The methodology presented in this report is developed to assist refurbishment projects in the early stages to establish a sustainable retrofit strategy. Through an analysis of the energy efficiency, life cycle carbon and cost of various retrofit measures, the method can give guidance on what measures should be pursued in a project and which ones should be avoided. The method is presented though a case study, based on an actual residential refurbishment project, but it is appropriate for any building typology.
The presented method should be used in early design stages, such as RIBA Stage 0-2 in the UK, where the refurbishment strategy has not yet been established, and therefore materials, suppliers, construction methods etc. are largely undefined. This gives the analysis great flexibility to investigate various alternatives, but also presents limitations on the accuracy of the inputs used, which are discussed further in the report. Various assumptions described in this report have to be made in order to conduct the analysis but also to reduce the time required and make it a feasible method.

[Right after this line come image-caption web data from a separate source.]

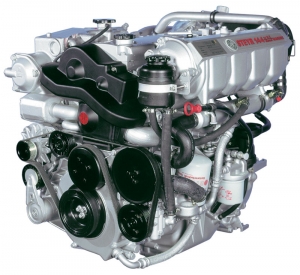 MO 144 M 38, 4-Zamanlý, Turbo þarlý, intercooler, Direkt enjeksyonlu, tatlý su soðutmalý, 106 kW 144 Beygir .
MOTOR TÝPÝ
: MO 144 M 38
4-Zamanlý, Turbo þarlý, intercooler
Direkt enjeksyonlu, tatlý su soðutmalý
ÇIKIÞ GÜCÜ KRANK kW Beygir
: 106 kW 144 Beygir ISO 8665 veya
ISO 3046 normlarýna göre
TAM YÜK DEVRÝ
: 3800
SÝLÝNDÝR ADEDÝ
: 4 Silindir / Sýra
SÝLÝNDÝR HACMÝ cm3
: 2133 cm3 130 cid
PÝSTON ÇAPI mm
: 85mm 3,35?
STROK mm
: 94mm 3,7?
KOMRESYON ORANI
: 18 / 1
AZAMÝ TORK Nm
: 288 Nm @ 2800 212,5? Lb-Ft
ENJEKSYON SÝSTEMÝ
: 2 Aþamalý Enjektörler
STANDART ALTERNATÖR Amp
: 90
ELEKTRONÝK MOTOR ARIZA TESPÝTÝ
: VAR
AÄžIRLIK Kg
: 258 Kg 567,6 Lbs
AÄžIRLIK / GÜÇ ORANTISI Kg / Beygir
: 1,79 3,94 lbs/Beygir
ÞANJMAN:
MODELÝ
: ZF 45 veya benzeri
GÜÇ AKTARMA SÝSTEMÝ
: Hidrolik Disk
REDÜKSYON ORANLARI
: 2,52 ? 2,04 ? 1,56 / 1
ÞAFT KAPLÝN AÇILARI
: Düz / 8 derece aþaðýya doðru veya
12 derece V-DRIVE
KURU AÄžIRLIK Kg
: 35 Kg. 77 Lbs
UYUMLU OLDUÄžU ÞANZIMANLAR
ZF 45A, ZF 45C, ZF 63IV V-DRIVE
STEYR ? Marine motorlarý yüksek performans için tasarlanmýþlardýr.
Yeni yakýt enjeksyon teknolojisi sayesinde mükemmel tork ve sürat neticeleri elde edilebilmektedir ve bundan dolayý mevcut marin güç aktarma sistemlerine uyumu fevkalade kolaydýr.
STEYR ? Marine motorlarýnýn en belirgin özelliklerinden birisi dinamik davranýþ ve anýnda yanýt veren, etkili akselerasyonudur.
HÝZMET ÖMRÜ:
STEYR ? Marine motorlarýn uzun ömürlülüðünü saðlamak için tüm hareketli metal aksamlarý özel metal alýþýmlardan imal edilmiþtir. Çift devre soðutma sisteminde kullanýlan tüm aksamlar, standart olarak deniz suyuna ve korozyona mukavim malzemelerden imal edilmiþtir. Deniz ortamýnda maruz kalýnacaðý olgularý dikkate alarak tasarlanmýþ çözümler, motor aksamlarý ve elektronik sistemlere azami korozyon mukavemeti garantilemektedir.
KONFOR:
Tescillenmiþ 2 ? Kademeli ünite enjektör teknolojisi sayesinde , dünyaca kabüllenmiþ çalýþma sessizliðine sahiptir.
Ürettiði gürültü seviyesi nispeten tüm çalýþma devirlerinde, benzin ile çalýþan eþdeðer motorlarýn çalýþma gürültü seviyesinin altýnda seyretmektedir. Ýlave olarak motorun monoblok kýsmýný, alüminyum dýþ kabuklarýndan ayýran elastik conta sistemi sayesinde, titreþimler motor bünyesinde absorbe edilir ve böylelikle gürültü ve vibrasyonun tekne gövdesine aktarýlmasý engellenir.
Hýz ve tork karakteristiklerine istinaden, mevcut þanjman, redüksyon, þaft ve pervane sistemlerine uygunluðu kolayca saðlanabilmektedir. Amaca uygun aksesuar çeþitlerimiz, teknemizdeki en yüksek kalite ve konforu temin etmektedir.
EGZOZ EMÝSYON DEÄžERLERÝ:
Örnek alýnacak ünite-enjektör teknolojisi , hazýrda BSO II , SAV 2 , EPA- Tier 2 ve eþdeðer eksozt emisyon deðer kriterlerini yerine getirmektedir.
ÞANZIMAN:
STEYR ? Marine motorlarý teknenizde kullandýðýnýz muhtelif güç aktarma sistemlerine uygunluk saðlamaktadýr. Muhtelif Þanjman uygulamalarý Direkt, düz, 8 derece aþaðýya doðru açýlý ve 12 derece V-Drive ve Volant muhafazalarý baðlantýlarý Jet Drive
MONOBLOK MOTOR TEKNÝK TANITIMI:
Saðlam ve emsalsiz moblok tasarýmý, yani motor bloku ve silindir kapaðýnýn yüksek kalite dökümden, tek parça halinde imal edilmiþ olmasý ve kusursuz derecesinde silindir yuvarlaklýðý, mükemmel soðutma ve dolayýsý ile silindir gömleklerinin fevkalade uzun ömürlü olmasýný saðlar.
*Dinamik balansý yapýlmýþ, Chrome-Molybdenum, Dövme Krank
*Yüksek silikon Alüminyum döküm, yað soðutma kanallý, 3 segman teknolojisi pistonlar
*Sertleþtirilmiþ sibop yuvalarý ve NIMONIC hammalzemesinden imal edilmiþ siboplar
*Volant üzerinde bulunan ve uygulamaya istinaden deðiþen esnek kaplin.
MOTOR TAKOZLARI:
Ayarlanabilen , itiþ gücüne mukavim, ön ve arka esnek takozlar
YAÄžLAMA SÝSTEMÝ:
*Deðiþtirilebilen kartuþ atom tipi yað filtresi
*Kapalý devre karter havalandýrmasý
YAKIT SÝSTEMÝ:
*Üstten eksantrik ve kilbütör tarafýndan tahrik edilen, iki kademe entegre yüksek basýnç ünite enjektörü
*Otomatik olarak havasý alýnabilen, elektrikli mazot pompasý
*Deðiþtirilebilen kartuþ atom tipi, mazot filtresi
EKSOZT SÝSTEMÝ:
Tatlý su soðutmalý eksozt manifoltu ve deniz suyu soðutmal eksozt deveboynu
SOÄžUTMA SÝSTEMÝ:
*Termostat kontrollu tatlý sulu soðutma sistemi
*Kendinden genleþme tanklý kondanser sistemi
*Hazýrlanmýþ Sýcak su veya kalorifer baðlantýlarý
*Ýmpeller tipi ve deðiþken baský plakalý deniz suyu pompasý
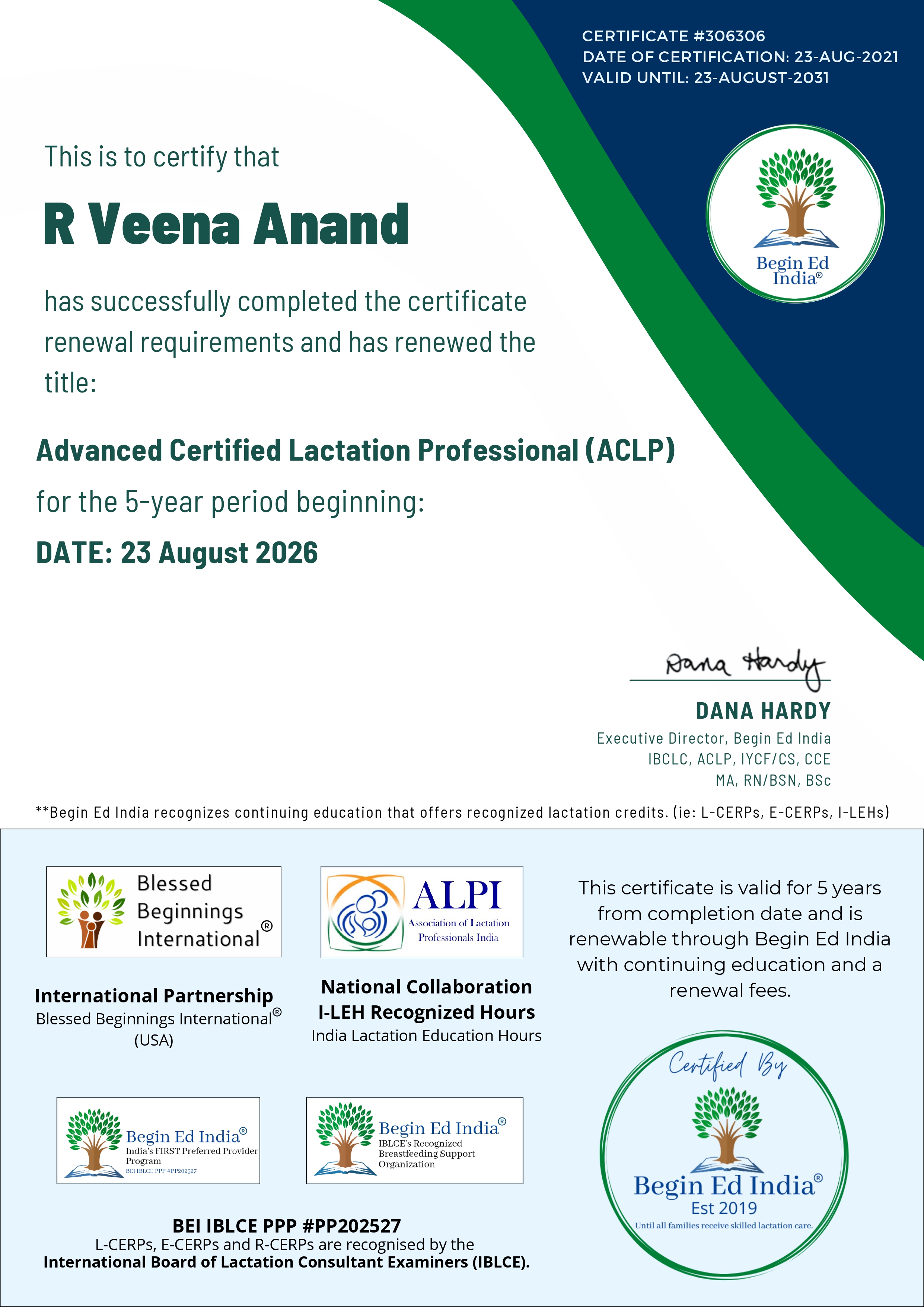 Advanced Certified Lactation Professional (ACLP)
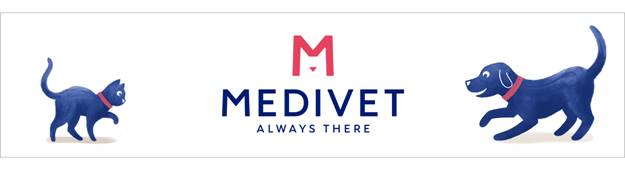 Much Hadham Fete Dogshow Medivet logo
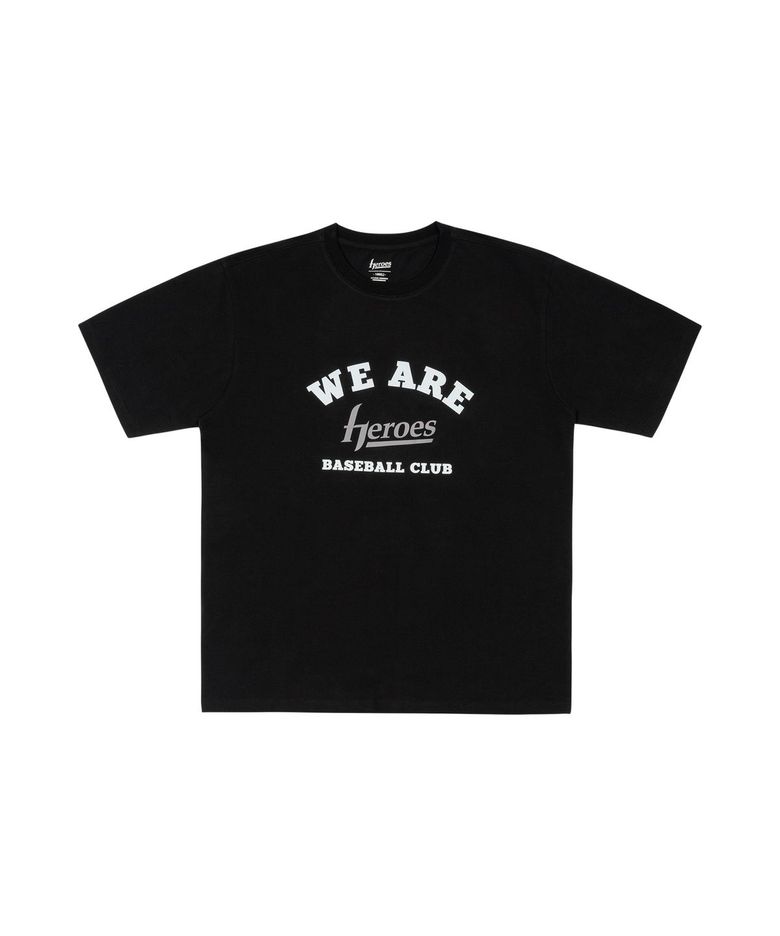 [키움히어로즈] Heroes Baseball Club 티셔츠 (블랙)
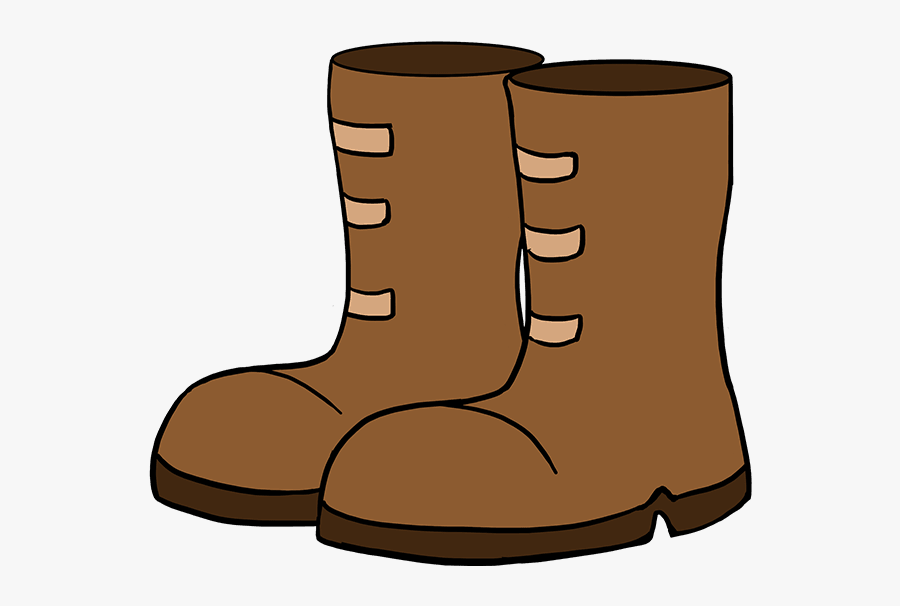 Clip Art How To Draw Really - Boots Drawing Png, Transparent Clipart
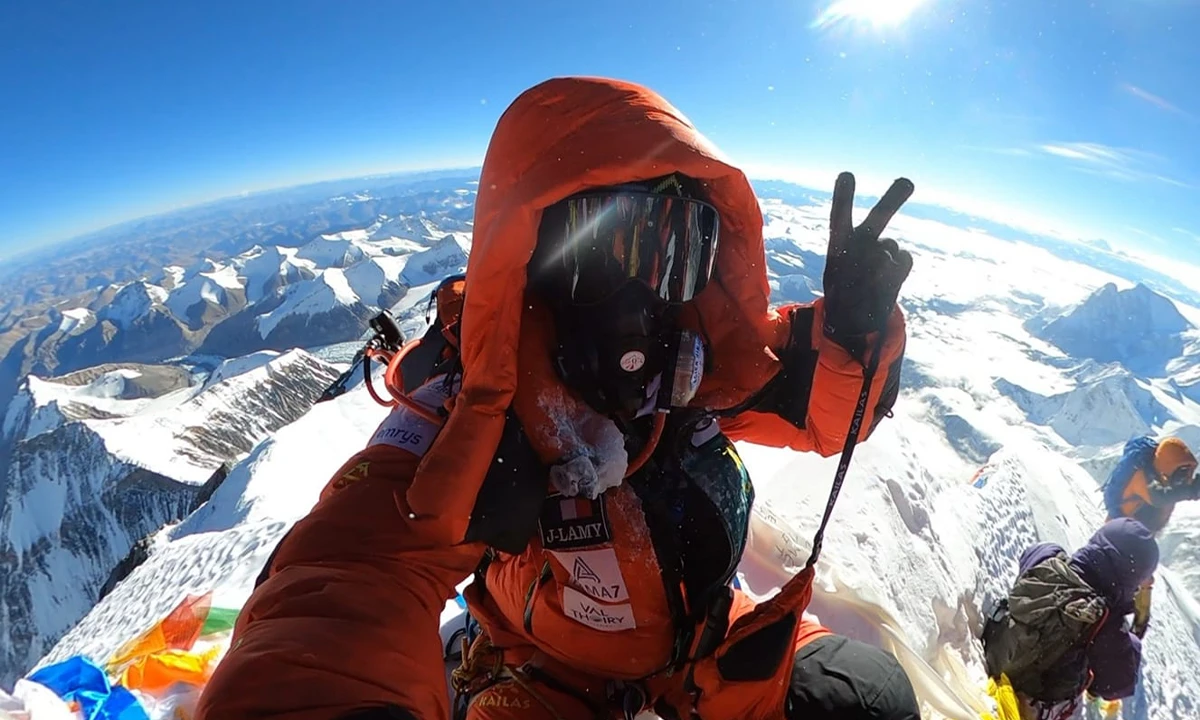 Jonathan Lamy au sommet de l'Everest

This study is the first step in a sequence of actions that should be taken during the entire design process to ensure that any refurbishment proposal is efficient and feasible. Studies like this one can give confidence to support our proposed strategies, reduce abortive work and direct our clients to the right decisions.
Establishing a sustainable, evidence-based strategy early on is a key part of a successful retrofit which enables client aspirations to be aligned with realistic targets and the budget.
The final conclusions of the analysis will need to be verified by consultants and engineers to confirm the results, and refine the measures if required, as more information about the project, construction method and materials becomes available.
The study presented within this report has a limited scope since it is aimed for early design stages. However, the scope could be broadened if needed, and the general methodology could be used for later stages when more information is available.